:: MATERIAL PROVIDED ::
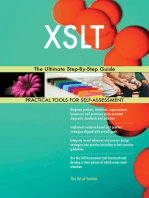 XSLT The Ultimate Step-By-Step Guide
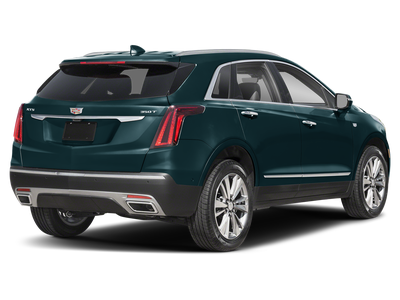 2026 Cadillac XT5 FWD Luxury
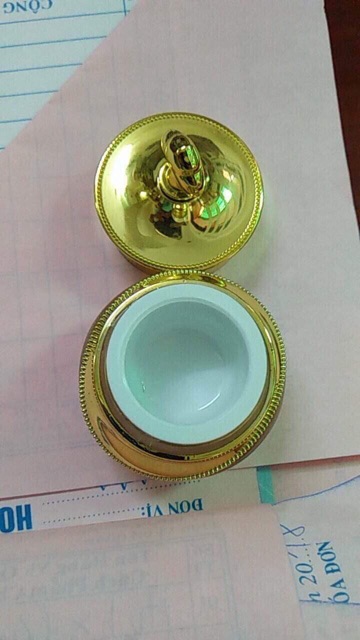 Hủ đựng kem vua nhỏ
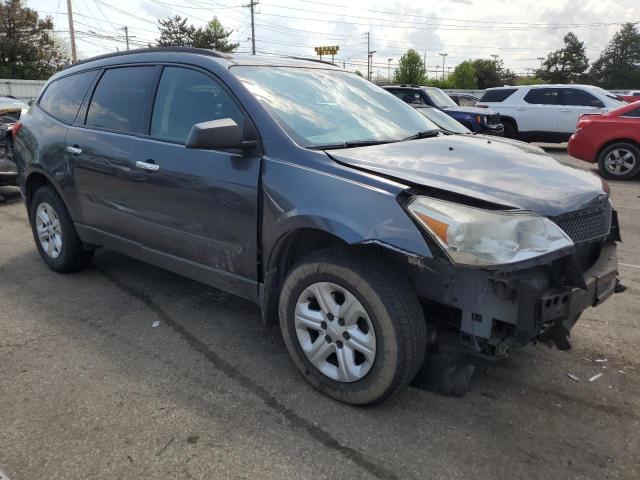 Photo 3 VIN: 1GNKRFEDXCJ405575 - CHEVROLET TRAVERSE 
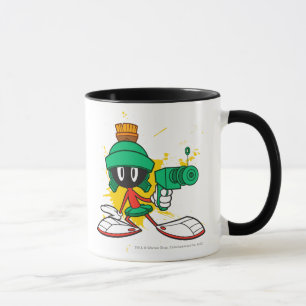 Mug MARVIN LE MARTIAN™ avec laser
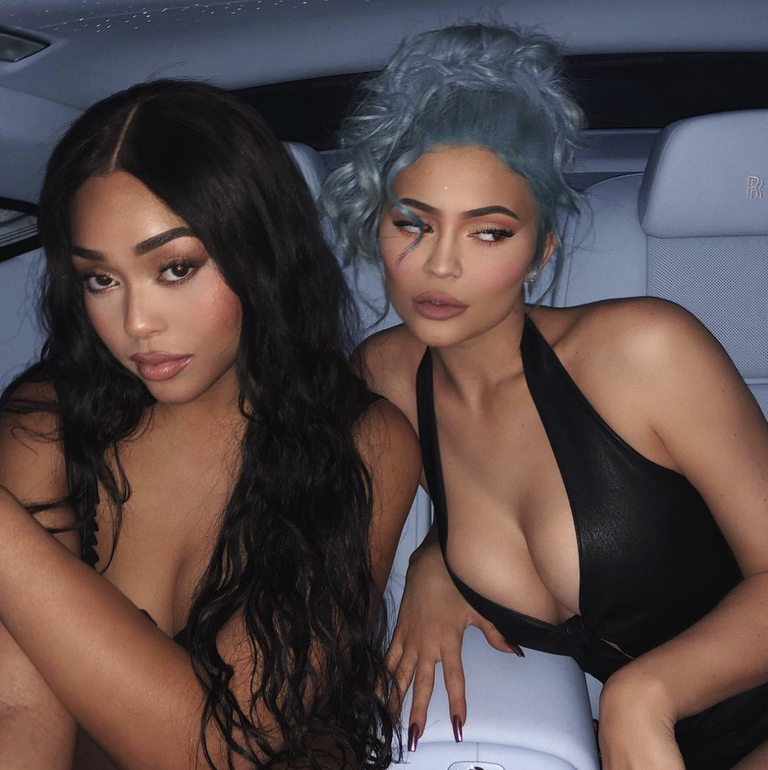  Jordyn says her friendship with Kylie is over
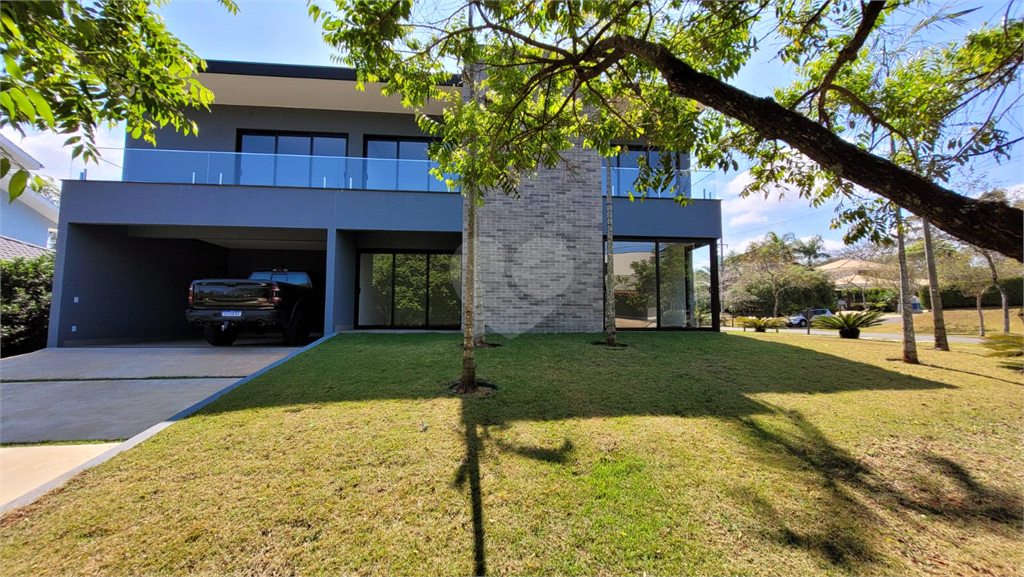 Venda Condomínio Araçoiaba Da Serra Centro REO1020181 1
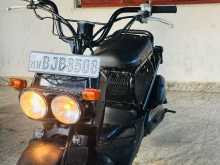 Honda Zoomer 2016 Motorbike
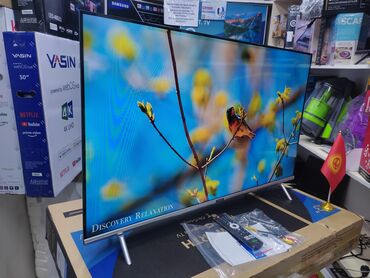 Телевизоры: Срочная акция Телевизор skyworth android 43ste6600 обладает at lalafo.kg — 19 Телевизоры: Срочная акция Телевизор skyworth android 43ste6600 обладает — 19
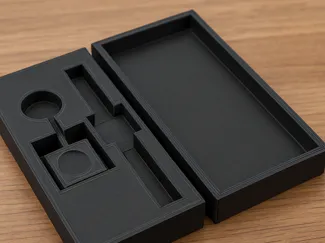 Apple watch travel case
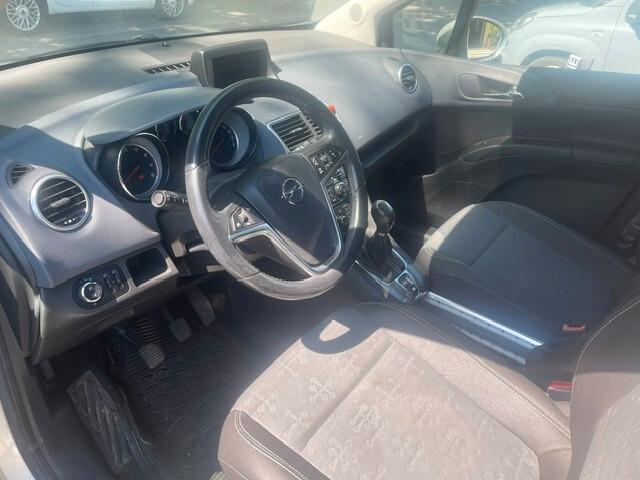 Opel Meriva 1.4 Turbo 120CV Cosmo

:: PROBLEM TO WORK ON ::
Begin at the first line of the records. Print every line through the one containing "Venda Condomínio Araçoiaba" exactly, but skip the pictures.

:: TASK OUTPUT ::
 XSLT The Ultimate Step-By-Step Guide
 2026 Cadillac XT5 FWD Luxury
 Hủ đựng kem vua nhỏ
 Photo 3 VIN: 1GNKRFEDXCJ405575 - CHEVROLET TRAVERSE 
 Mug MARVIN LE MARTIAN™ avec laser
  Jordyn says her friendship with Kylie is over
 Venda Condomínio Araçoiaba Da Serra Centro REO1020181 1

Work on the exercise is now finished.